Bill aims to mitigate water drought
SB 6036, introduced by Sen. Jim Honeyford (R-15), would allow water rights donated to the state Trust Water Rights Programs (TWRP) to be directed to drought mitigation if an emergency is issued. Photo:

Washington state officials declared a water drought in 27 watersheds last year, prompting the Joint Committee on Water Supply During Drought to explore ways the state could improve its response.

To address the issue, Sen. Jim Honeyford (R-15) has introduced SB 6036, a measure that would allow water rights donated to the state Trust Water Rights Programs (TWRP) to be directed to drought mitigation if an emergency is issued. State agency officials testifying at a Jan. 14 public hearing of the Senate Agriculture, Water, Natural Resources & Parks Committee argued that the policy could work if some bill language is amended.

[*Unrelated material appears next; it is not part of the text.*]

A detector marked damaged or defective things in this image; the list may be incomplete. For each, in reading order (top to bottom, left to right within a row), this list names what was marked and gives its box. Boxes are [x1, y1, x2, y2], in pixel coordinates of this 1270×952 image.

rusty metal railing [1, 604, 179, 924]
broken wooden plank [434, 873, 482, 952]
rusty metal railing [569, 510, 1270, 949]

Under state law, the TWRP is managed by the state Department of Ecology and allows water rights holders to temporarily or permanently place those rights in the program. The state agency has the authority to declare an emergency drought if it finds a watershed is experiencing or is likely to experience less than 75 percent of its regular water supply. During emergencies, Ecology can then authorize an emergency water right transfer from senior water rights holders to junior water rights holders, or provide water resources drought response grants to water and irrigation districts as a way of reducing drought impacts.

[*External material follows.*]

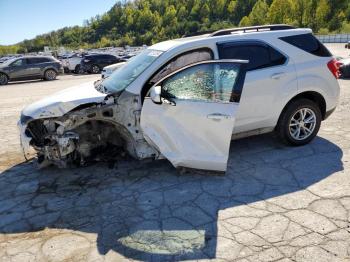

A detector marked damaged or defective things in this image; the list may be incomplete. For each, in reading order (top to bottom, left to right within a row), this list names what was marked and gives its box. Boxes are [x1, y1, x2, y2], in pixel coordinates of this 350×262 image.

crumpled hood [22, 81, 106, 119]
severe front damage [19, 83, 159, 167]
shattered windshield [97, 49, 164, 94]
parked damaged vehicle [18, 24, 340, 172]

SB 6036 allows those who have donated their water rights to the trust program to be used for mitigating drought, though it stipulates the donors must consent to how it is used. The donor is also capable of withdrawing their permission at any time.

Honeyford told colleagues that the bill’s intent is to provide an option – not a mandate – for those who hold water rights “if they want to do it…hey don’t have to do anything, but it would be a way to get a little more water during this drought.”

Some state agency officials and scientists expressed reservations about the impact to water levels in streams. Washington Department of Fish and Wildlife (WDFW) Research Scientist Giza Gates told the committee that during a drought, water under the state’s trust rights is all that is available for streams. Diverting some of that water away “could result in moving water from instream resources during times when it is needed most by salmon and the resources that salmon depend upon.”

That view was echoed by Ecology Policy and Program Manager David Christiansen. “Because the bill allows for donations to be used for mitigation, this could lead to impairment (water flow interruption), and that’s our fundamental concern.” However, he added that those issues could be addressed with “additional protections and limitations that would mitigate or reduce the risks for impairing senior water rights.”

No further action is scheduled for SB 6036.